To make you highhat work sound better, have you tried layering mulitple highhats on top of eachother?
 
Hey, here's a clip of a loop I made, like I said it's really wooden and stiff, and I hate it.

http://soundcloud.com/robertharriso89/drumloop/s-s66nz

Is there any way in Cubase that I can take my snare sample, my kick, hihat etc and put it into a visual thing so that I can change the velocity of a certain snare, maybe adjust the sway of something? At the moment I'm just importing the samples into my main area and editing them there, I find it really awkward to adjust the volume and work with it this way.

I think my hi hat work is the main problem here, I'll try what you said and return later.
 
You're using the full snare as a ghost snare, which is no good, plus the snare itself has got too much decay.

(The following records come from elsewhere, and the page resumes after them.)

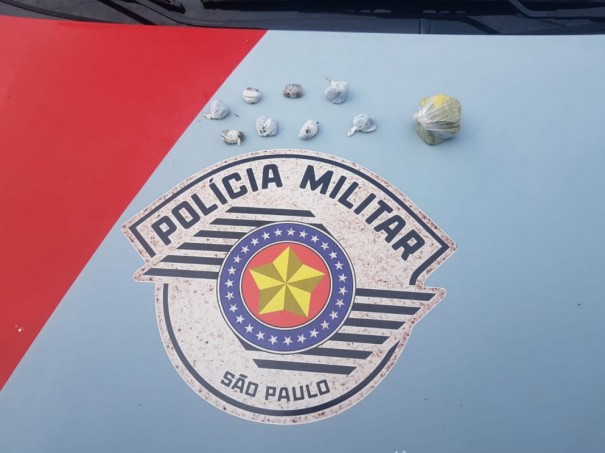 Pol�cia Militar de Luc�lia apreende entorpecente e identifica poss�vel traficante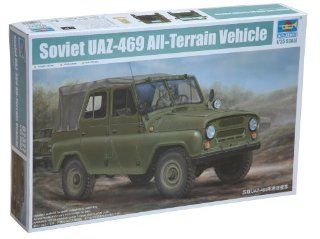 Trumpeter Soviet UAZ469 All Terrain Vehicle (1/35 Scale) Toys & Games
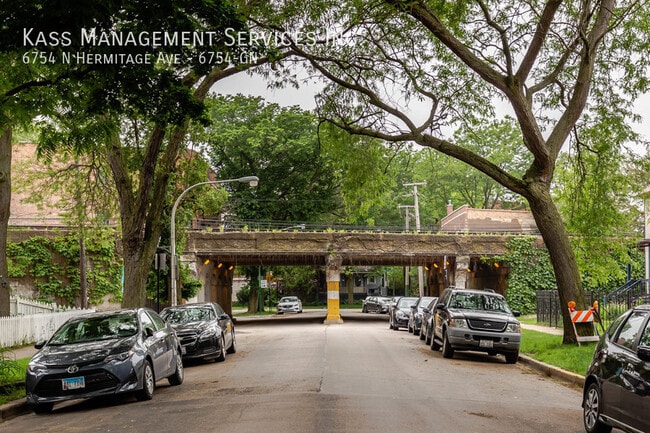 Building Photo - 6754 N Hermitage Ave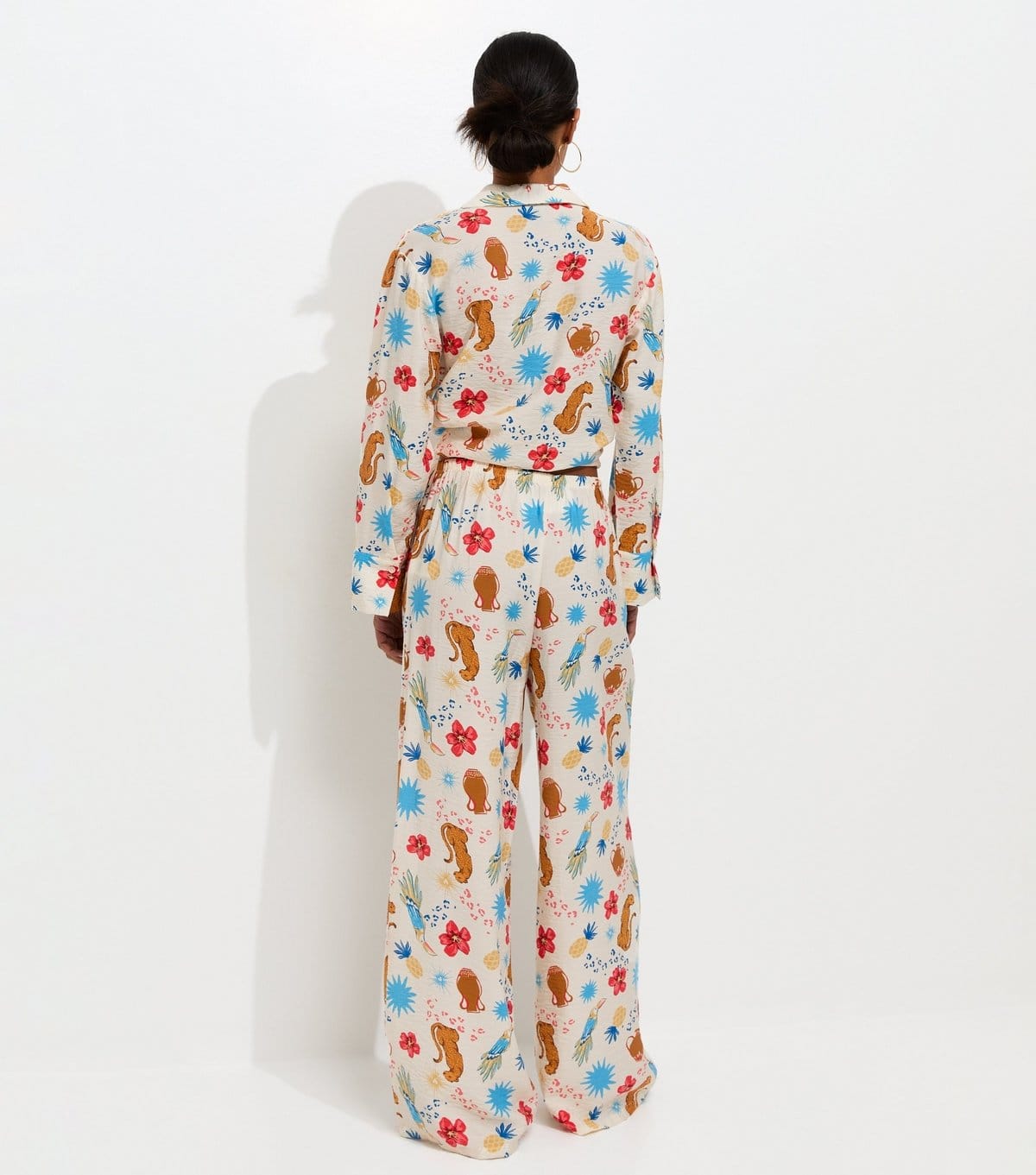 New Look Women's Cream Animal Flower Print Wide Leg Trousers New Look - 4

Make the snare a bit shorter and snappier, and use rim shots for the ghost snares. Layer a couple of high passed sampled breaks behind it.

The kick is too boomy, need something with less low end and more audibly mid/high end.
 
always try messing around with the samples; see how your snare sounds pitched up an octave or two, or with a shorter length etc! With the style you are working in, eventually you will want to start compressing your snare with another snare or just layering them so you can make it punchy as hell, but that is another skill. BTW, Even the top producers use drum breaks or "loops" but this is just to sit in the background and give the beat that rolling feel. Most of the shuffles you hear in between snares actually come from highpassed/chopped up drum breaks.

anyway my main point is just when you start out the drum samples you have are probably very limited and you havnt developed EQ/compression/mix techniques yet (which take a little while to master with practice) then yeah your drums are gonna sound flat or stick out, everybody's drums sound wank to start with. Start collecting as many samples as you can and you'll begin to see why your drums sounded bad before
 
Is there any way in Cubase that I can take my snare sample, my kick, hihat etc and put it into a visual thing so that I can change the velocity of a certain snare, maybe adjust the sway of something? At the moment I'm just importing the samples into my main area and editing them there, I find it really awkward to adjust the volume and work with it this way.

you need a soft-sampler vst for this ... there are some basic beat making things in cubase .. but nothing for audio beats that is really any good.